The new device can detect single photons, making it sensitive enough to meet the demands of new chip makers who need to test billions of transistors on each chip as quickly and efficiently as possible. The key is to exploit a quirk of physics. When transistors switch, they sometimes emit a very brief flash of infrared light. This flash can reveal much about how the transistor is behaving, but only if a detector catches it. Conventional semiconductor detectors either can't see in the infrared or can't see such brief flashes, or they report flashes when there are none.
Surprisingly, the answer to the chip problem came from an astronomy team in Russia. “We were working on the photoresponse of superconductors and we contacted this group at Moscow State Pedagogical University that was using superconductors for radio astronomy,” says Roman Sobolewski, professor of electrical and computer engineering at Rochester and co-creator of the device. “The upper radio bands are essentially far infrared bands, so we got together with the Moscow team and worked on putting their materials into our detector.”
The Russian researchers and Sobolewski's group came up with the idea of merging Russian technology with US optical instrumentation and aiming it toward developing a completely new class of optical single-photon detectors about five years back. Together they won a small, international collaboration grant from Naval International Cooperative Opportunities in Science and Technology Program, administered by the US Office of Naval Research, and a grant from the North Atlantic Treaty Organization Scientific and Environmental Affairs Division in Brussels.
The experiments showed that ultrathin strips of a metallic compound called niobium nitrite – a millionth of a meter wide and only several atoms thick – could detect single visible and infrared photons. Inside a kind of thermos of liquid helium at temperature near absolute zero, the strips, which were fabricated in Moscow, become a superconductor. Unlike conventional detectors, it was then possible to detect a single photon of infrared light plunking into the material.

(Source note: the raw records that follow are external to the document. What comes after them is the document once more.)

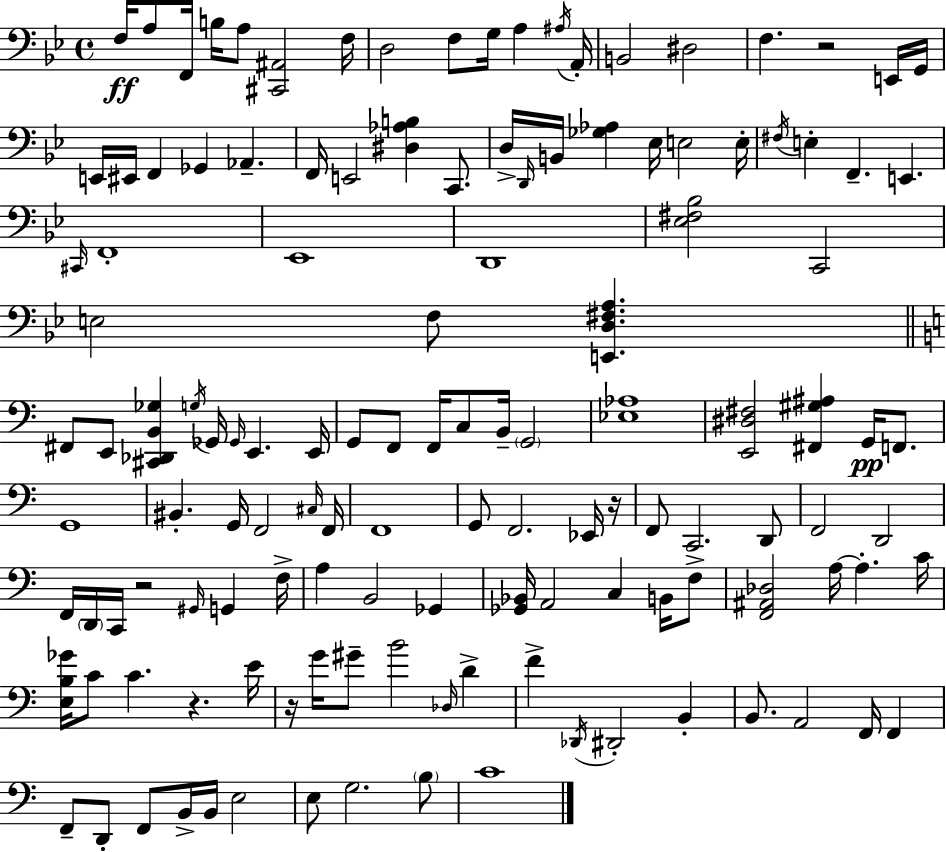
X:1
T:Untitled
M:4/4
L:1/4
K:Gm
F,/4 A,/2 F,,/4 B,/4 A,/2 [^C,,^A,,]2 F,/4 D,2 F,/2 G,/4 A, ^A,/4 A,,/4 B,,2 ^D,2 F, z2 E,,/4 G,,/4 E,,/4 ^E,,/4 F,, _G,, _A,, F,,/4 E,,2 [^D,_A,B,] C,,/2 D,/4 D,,/4 B,,/4 [_G,_A,] _E,/4 E,2 E,/4 ^F,/4 E, F,, E,, ^C,,/4 F,,4 _E,,4 D,,4 [_E,^F,_B,]2 C,,2 E,2 F,/2 [E,,D,^F,A,] ^F,,/2 E,,/2 [^C,,_D,,B,,_G,] G,/4 _G,,/4 _G,,/4 E,, E,,/4 G,,/2 F,,/2 F,,/4 C,/2 B,,/4 G,,2 [_E,_A,]4 [E,,^D,^F,]2 [^F,,^G,^A,] G,,/4 F,,/2 G,,4 ^B,, G,,/4 F,,2 ^C,/4 F,,/4 F,,4 G,,/2 F,,2 _E,,/4 z/4 F,,/2 C,,2 D,,/2 F,,2 D,,2 F,,/4 D,,/4 C,,/4 z2 ^G,,/4 G,, F,/4 A, B,,2 _G,, [_G,,_B,,]/4 A,,2 C, B,,/4 F,/2 [F,,^A,,_D,]2 A,/4 A, C/4 [E,B,_G]/4 C/2 C z E/4 z/4 G/4 ^G/2 B2 _D,/4 D F _D,,/4 ^D,,2 B,, B,,/2 A,,2 F,,/4 F,, F,,/2 D,,/2 F,,/2 B,,/4 B,,/4 E,2 E,/2 G,2 B,/2 C4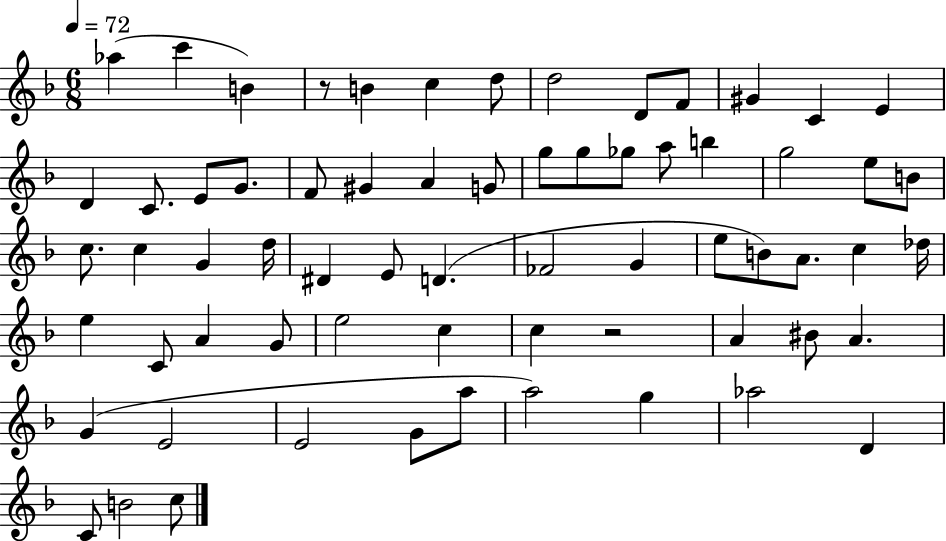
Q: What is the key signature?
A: F major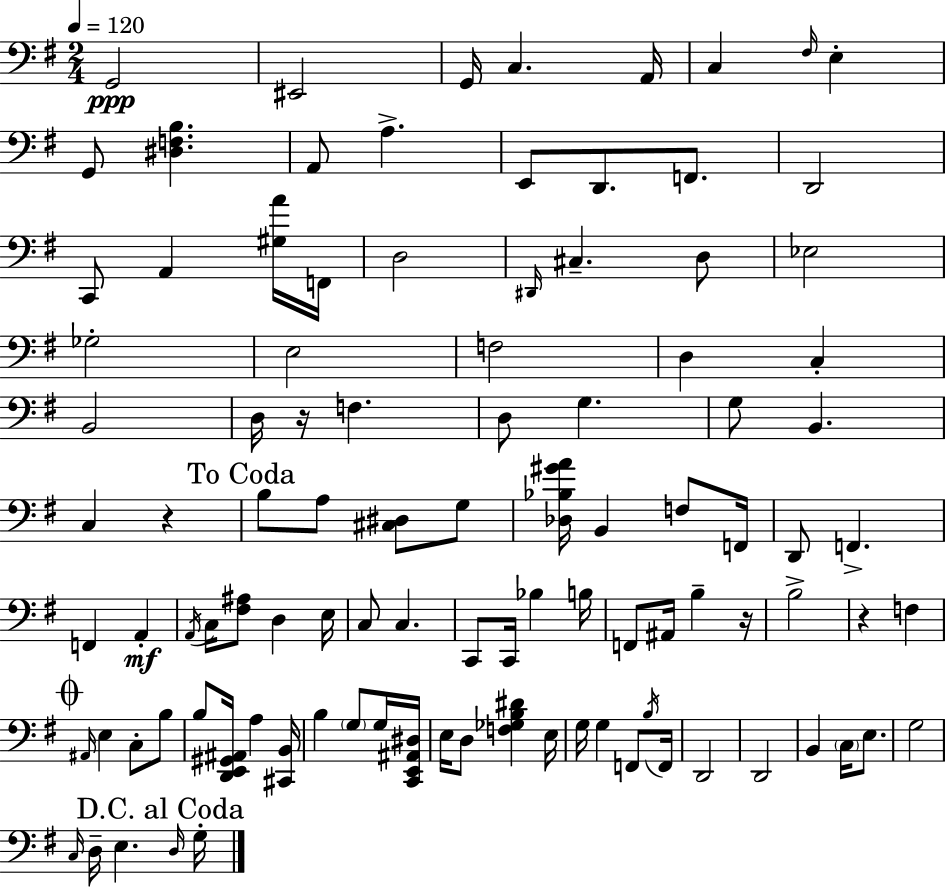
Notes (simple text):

G2/h EIS2/h G2/s C3/q. A2/s C3/q F#3/s E3/q G2/e [D#3,F3,B3]/q. A2/e A3/q. E2/e D2/e. F2/e. D2/h C2/e A2/q [G#3,A4]/s F2/s D3/h D#2/s C#3/q. D3/e Eb3/h Gb3/h E3/h F3/h D3/q C3/q B2/h D3/s R/s F3/q. D3/e G3/q. G3/e B2/q. C3/q R/q B3/e A3/e [C#3,D#3]/e G3/e [Db3,Bb3,G#4,A4]/s B2/q F3/e F2/s D2/e F2/q. F2/q A2/q A2/s C3/s [F#3,A#3]/e D3/q E3/s C3/e C3/q. C2/e C2/s Bb3/q B3/s F2/e A#2/s B3/q R/s B3/h R/q F3/q A#2/s E3/q C3/e B3/e B3/e [D2,E2,G#2,A#2]/s A3/q [C#2,B2]/s B3/q G3/e G3/s [C2,E2,A#2,D#3]/s E3/s D3/e [F3,Gb3,B3,D#4]/q E3/s G3/s G3/q F2/e B3/s F2/s D2/h D2/h B2/q C3/s E3/e. G3/h C3/s D3/s E3/q. D3/s G3/s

The detector also boasts practically negligible dark counts – the reporting of a photon when there is none – so it can count accurately even when there are very few photons to count, such as 10 per second or less. Such precision is crucial because when a clock pulse passes through a chip and the transistors emit just a photon or two of infrared light, most conventional semiconductor single-photon detectors will miss the flash or misinterpret their own stormy perturbations as an incoming photon. The flash can divulge quite a bit about the way a chip is working; for instance, whether or not the transistor is switching at the correct time, a vital consideration for today's incredibly high-speed chips. The Rochester, NY-based research team is currently the only one in the world with a detector able to efficiently measure such ultra-fast flashes. “We are measuring bursts on the order of picoseconds,” explains Sobolewski.
Sobolewski and his Russian colleagues have a patent pending for the device together with engineers from Schlumberger Semiconductor Solutions, a California company that builds testers for integrated circuits and sponsors the research through the University of Rochester Center for Electronic Imaging Systems (CEIS). Because of the superconducting detector's speed and accuracy, Schlumberger can now test every chip made, even the fastest ones, which will power future workstations and desktop computers.
Sobolewski sees the superconducting single-photon optical detector making a difference in other fields as well. “NASA is interested in this detector for communications between Mars and Earth,” he says. “When you are dealing with such incredible distances, you may only be able to catch a few photons from a transmitter on Mars.”
Down-to-earth communications may also benefit. The superconducting detector is regarded as the best candidate for future practical quantum cryptographic systems. Quantum cryptography, where bits of information are coded and transmitted as single photons, offers unconditionally secret, undecipherable communication.
The Moscow-Rochester collaboration is now partially funded by the US Civilian Research and Development Foundation for the Independent States of the Former Soviet Union.